581-202605312009275.jpg

Desain Vietnam SuperPort™ oleh T&T Group dan YCH di Phu Tho.

"DNA Teknologi" juga secara signifikan memengaruhi bagaimana Bapak Hien memilih strategi kerja sama internasionalnya. Menurut beliau, mitra asing tidak hanya perlu memastikan efisiensi bisnis, tetapi juga harus berpartisipasi dalam transfer teknologi, pelatihan sumber daya manusia, dan berkontribusi pada kapasitas pembangunan jangka panjang Vietnam.

"Kita tidak bisa berinvestasi, meraih keuntungan, lalu menarik diri, karena pada akhirnya, teknologi tidak akan terjangkau, orang-orang tidak akan terlatih, dan Vietnam tidak akan mampu berkembang," tegasnya.

Filosofi ini juga diwujudkan di Vietnam SuperPort™. Melalui kerja sama dengan YCH dan Singapore Supply Chain and Logistics Academy (SCALA), proyek ini diharapkan dapat melatih 500 profesional logistik melalui program pengembangan talenta di Singapura, sehingga berkontribusi pada pembentukan tenaga kerja logistik berteknologi tinggi untuk Vietnam di era baru.

Pola pikir "berbasis teknologi" sebagian menjelaskan bagaimana T&T Group telah berekspansi ke sektor infrastruktur, logistik, dan rantai pasokan selama bertahun-tahun.

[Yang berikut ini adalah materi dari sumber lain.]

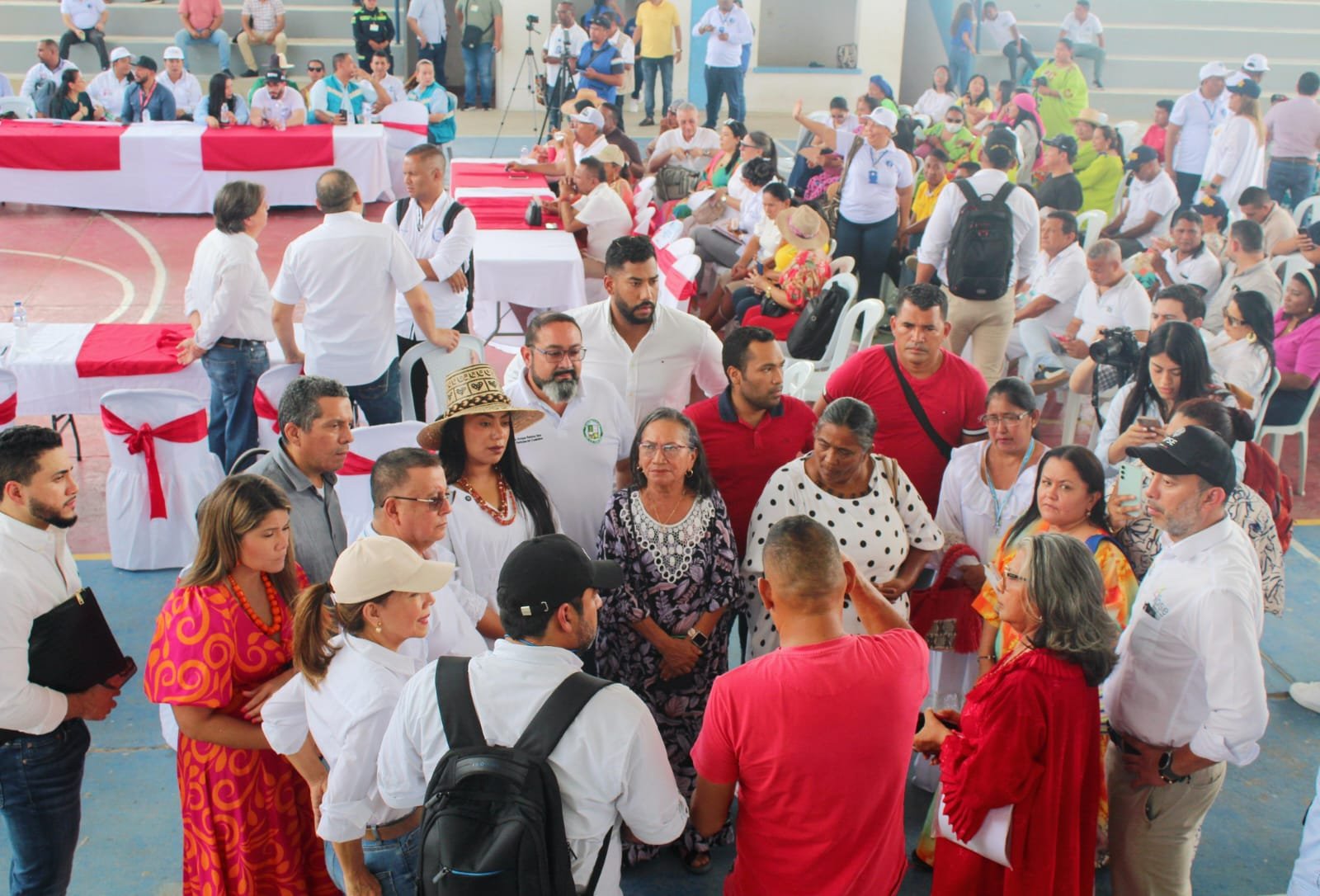 “Mesas de trabajo en Uribia y Manaure comienzan a dar frutos”: senadora Martha Peralta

Sebelumnya, perusahaan Ketua Hien lebih dikenal di bidang keuangan atau real estat, namun kini Grup tersebut secara bertahap memantapkan diri di komponen ekonomi yang bernilai tambah lebih tinggi: pelabuhan laut, logistik multimodal, penerbangan, infrastruktur konektivitas, dan platform operasi berbasis AI.

Menurut para pengamat, perbedaan pendekatan Trinidad dan Tobago terhadap infrastruktur terletak pada kenyataan bahwa perusahaan tersebut tidak hanya berinvestasi pada "perangkat keras" seperti jalan raya, pelabuhan, atau gudang, tetapi semakin mendalami lapisan operasional dengan teknologi dan konten data yang lebih tinggi.

Mungkin itulah sebabnya, ketika melihat Vietnam SuperPort™, kita melihat lebih dari sekadar proyek logistik. Di balik aliran barang secara real-time dan robot yang beroperasi, terdapat jejak "DNA teknologi" yang telah ada di T&T Group sejak awal berdirinya.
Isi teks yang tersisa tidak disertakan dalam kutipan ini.